**WORK INSTRUCTION**
Exactly and only the lines below from the one containing "Botanic Garden Square" down to the one containing "SPECIALIZED LARGE FORGED FARRIER TONGS - 7 SPECIALIZED" are wanted, both included; please exclude every picture.

**SUPPLIED MATERIAL**
-- Opening Marker --

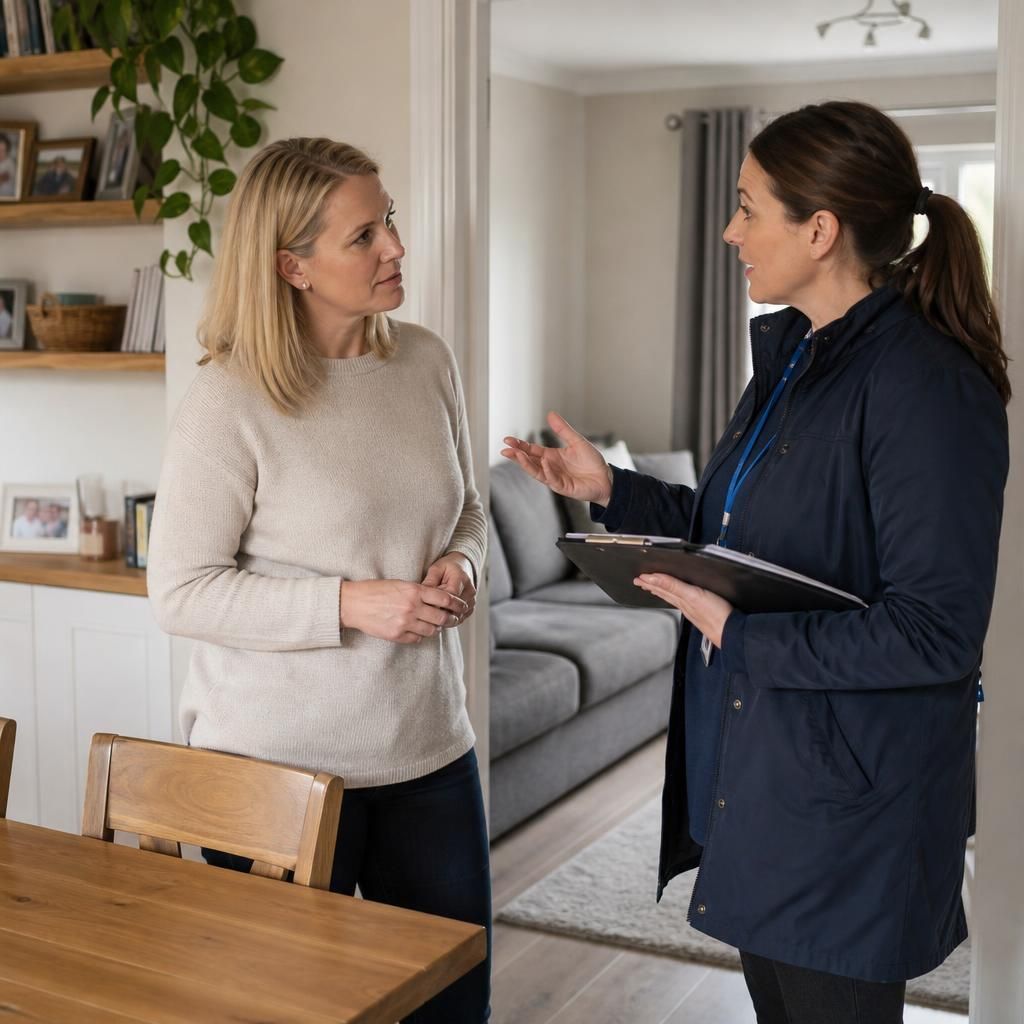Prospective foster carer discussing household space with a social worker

-- Closing Marker --
-- Opening Marker --

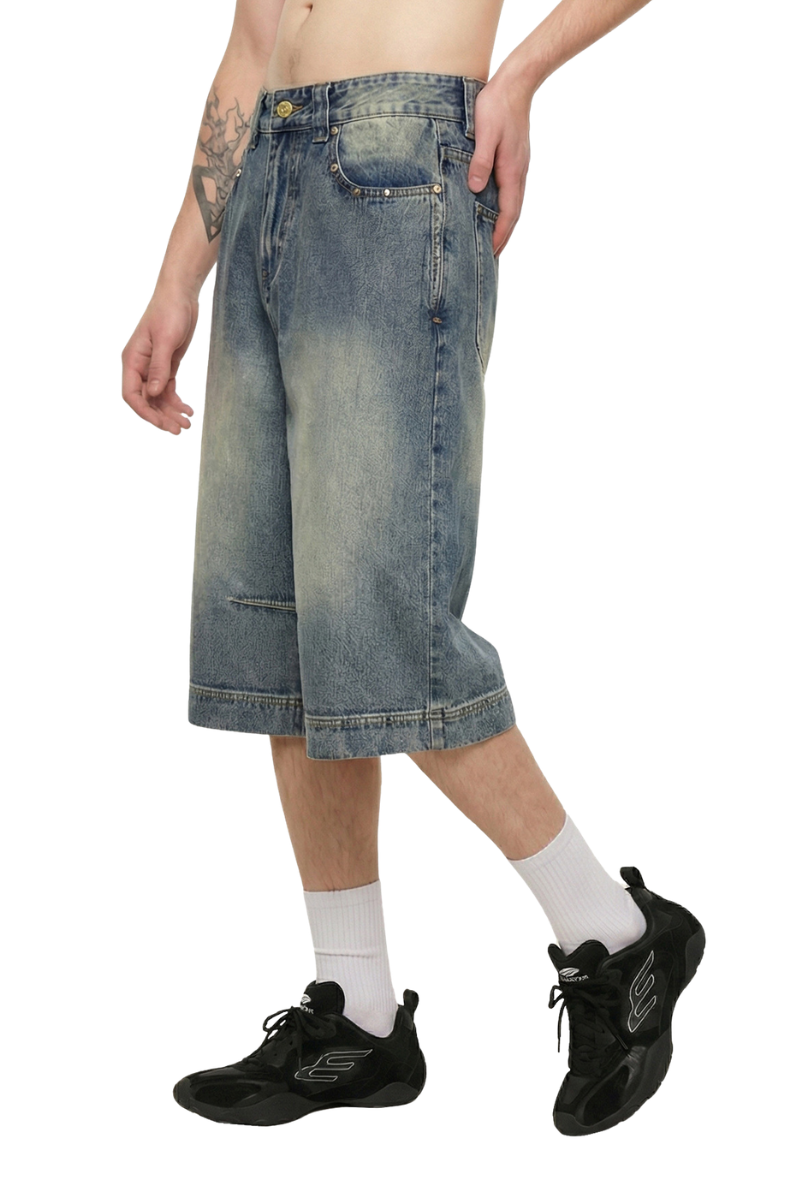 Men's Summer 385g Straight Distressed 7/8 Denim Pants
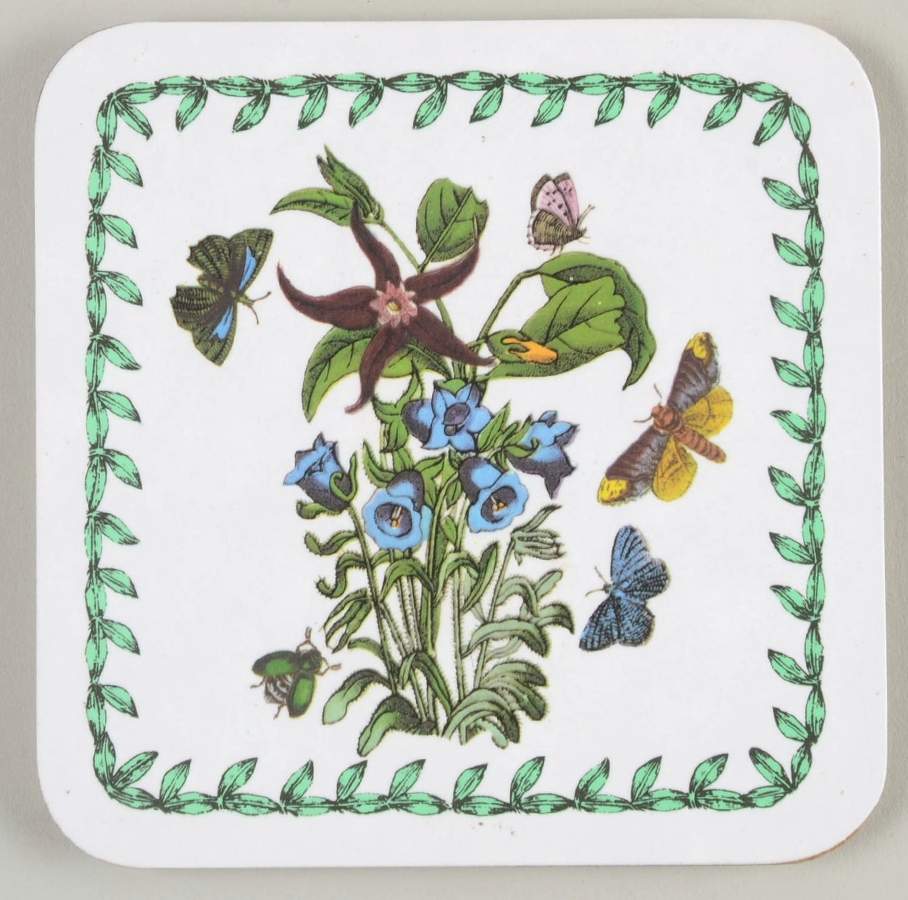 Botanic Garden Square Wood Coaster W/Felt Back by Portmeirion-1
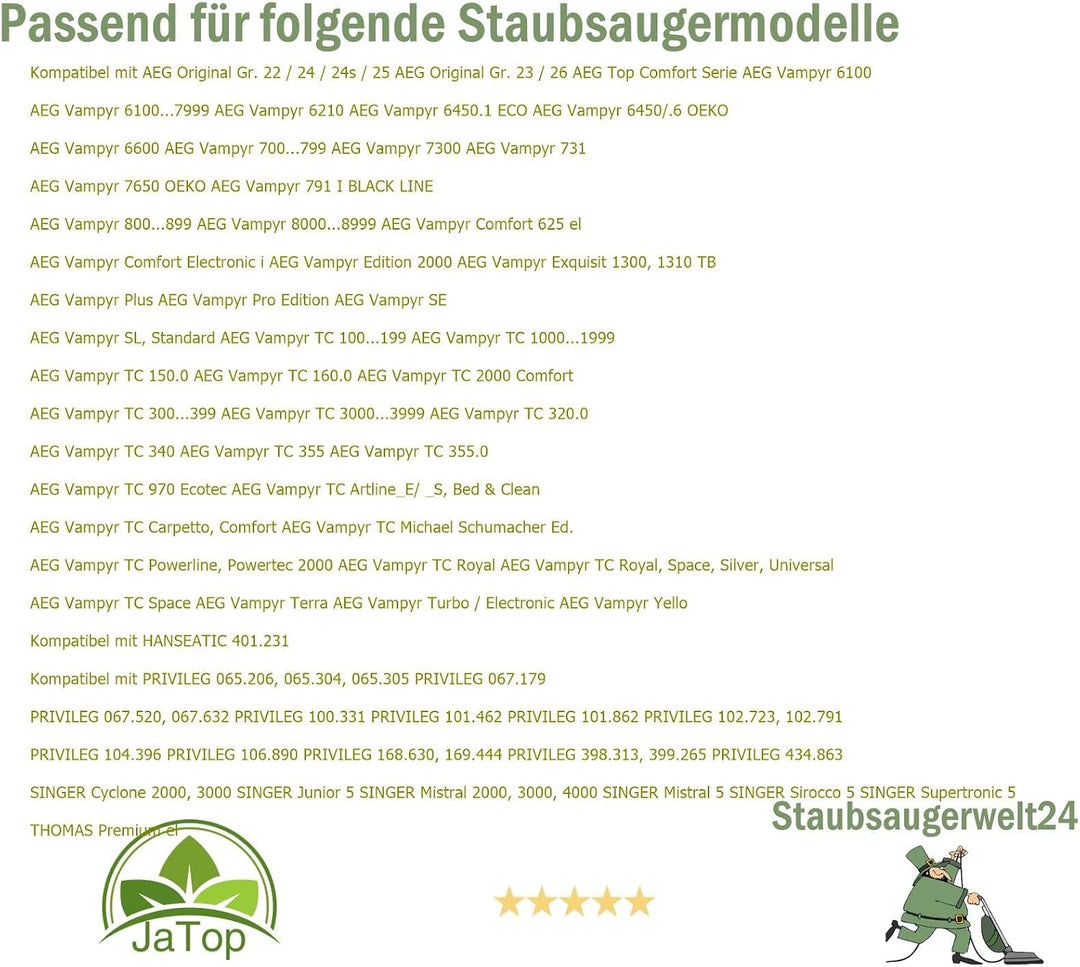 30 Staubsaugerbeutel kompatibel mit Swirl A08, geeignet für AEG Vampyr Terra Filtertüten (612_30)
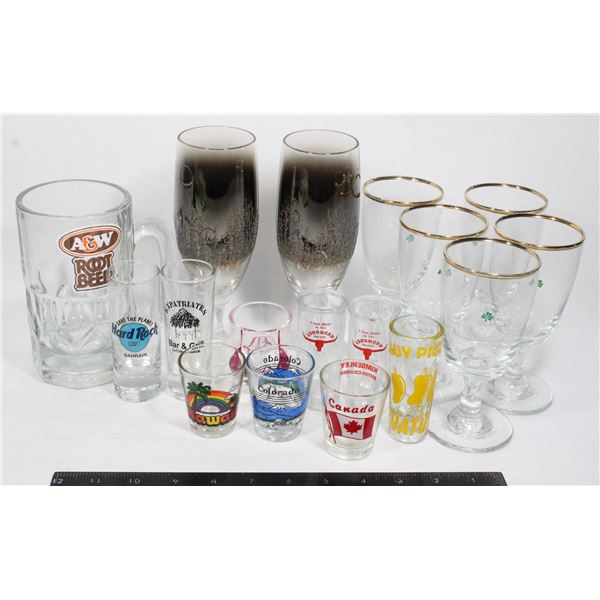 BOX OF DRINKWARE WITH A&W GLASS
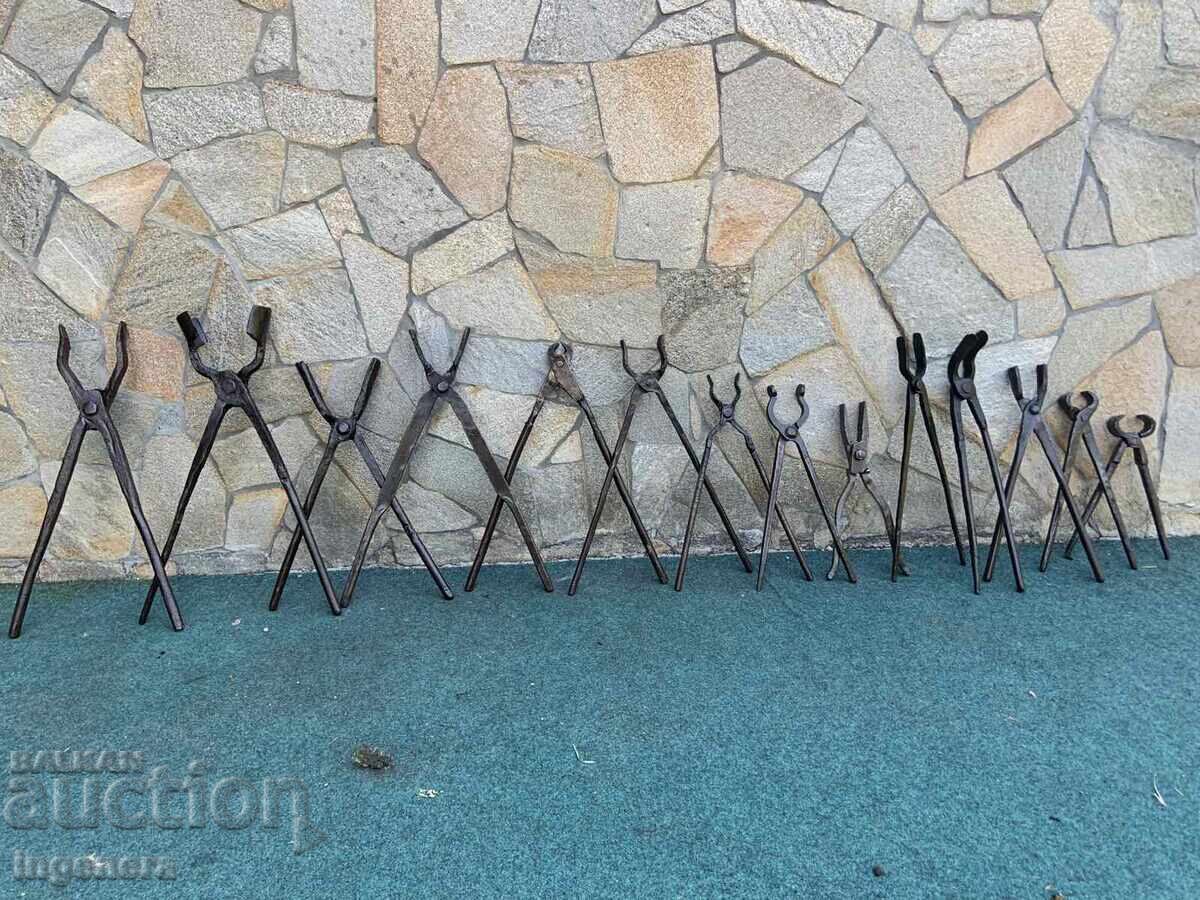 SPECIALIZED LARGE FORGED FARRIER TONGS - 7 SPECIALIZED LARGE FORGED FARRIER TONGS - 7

-- Closing Marker --

**ANSWER AREA**
 Botanic Garden Square Wood Coaster W/Felt Back by Portmeirion-1
 30 Staubsaugerbeutel kompatibel mit Swirl A08, geeignet für AEG Vampyr Terra Filtertüten (612_30)
 BOX OF DRINKWARE WITH A&W GLASS
 SPECIALIZED LARGE FORGED FARRIER TONGS - 7 SPECIALIZED LARGE FORGED FARRIER TONGS - 7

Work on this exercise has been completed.